_What the task asks_:
Reproduce the entries shown below only from the line with "Danbury Hotel | Best Western Danbury/Bethel" down to the line with "ই এম এএনএসআই", keeping both end lines and copying each one exactly.

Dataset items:
- - - - - - -

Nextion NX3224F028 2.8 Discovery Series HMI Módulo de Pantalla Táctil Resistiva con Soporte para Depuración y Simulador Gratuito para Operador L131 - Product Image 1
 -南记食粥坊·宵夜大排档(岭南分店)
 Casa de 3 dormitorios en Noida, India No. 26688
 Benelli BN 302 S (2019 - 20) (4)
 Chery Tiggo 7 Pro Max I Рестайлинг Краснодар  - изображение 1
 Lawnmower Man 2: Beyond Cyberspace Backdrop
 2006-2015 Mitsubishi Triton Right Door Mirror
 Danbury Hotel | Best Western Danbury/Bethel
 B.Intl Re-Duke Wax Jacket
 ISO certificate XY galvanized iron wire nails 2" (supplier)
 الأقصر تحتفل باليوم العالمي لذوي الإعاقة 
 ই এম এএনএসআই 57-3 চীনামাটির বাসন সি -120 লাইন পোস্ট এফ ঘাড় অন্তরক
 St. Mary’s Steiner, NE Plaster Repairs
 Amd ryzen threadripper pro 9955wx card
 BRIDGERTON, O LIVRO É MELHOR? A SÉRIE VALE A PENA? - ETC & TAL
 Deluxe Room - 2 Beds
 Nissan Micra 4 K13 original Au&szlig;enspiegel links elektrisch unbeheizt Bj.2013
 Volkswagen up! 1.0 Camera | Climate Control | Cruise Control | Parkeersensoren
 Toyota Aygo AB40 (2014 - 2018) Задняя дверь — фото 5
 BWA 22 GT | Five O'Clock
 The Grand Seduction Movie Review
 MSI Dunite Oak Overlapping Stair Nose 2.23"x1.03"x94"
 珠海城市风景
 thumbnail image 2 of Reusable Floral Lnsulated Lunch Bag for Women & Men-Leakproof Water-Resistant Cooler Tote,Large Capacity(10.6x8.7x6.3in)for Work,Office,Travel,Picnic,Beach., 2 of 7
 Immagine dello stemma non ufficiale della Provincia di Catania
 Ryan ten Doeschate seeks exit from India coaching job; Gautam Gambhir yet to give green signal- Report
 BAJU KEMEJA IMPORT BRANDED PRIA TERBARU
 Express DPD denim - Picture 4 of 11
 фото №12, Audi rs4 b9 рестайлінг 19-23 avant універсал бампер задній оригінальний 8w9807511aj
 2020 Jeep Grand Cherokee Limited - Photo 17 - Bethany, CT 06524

- - - - - - -

_Response_:
 Danbury Hotel | Best Western Danbury/Bethel
 B.Intl Re-Duke Wax Jacket
 ISO certificate XY galvanized iron wire nails 2" (supplier)
 الأقصر تحتفل باليوم العالمي لذوي الإعاقة 
 ই এম এএনএসআই 57-3 চীনামাটির বাসন সি -120 লাইন পোস্ট এফ ঘাড় অন্তরক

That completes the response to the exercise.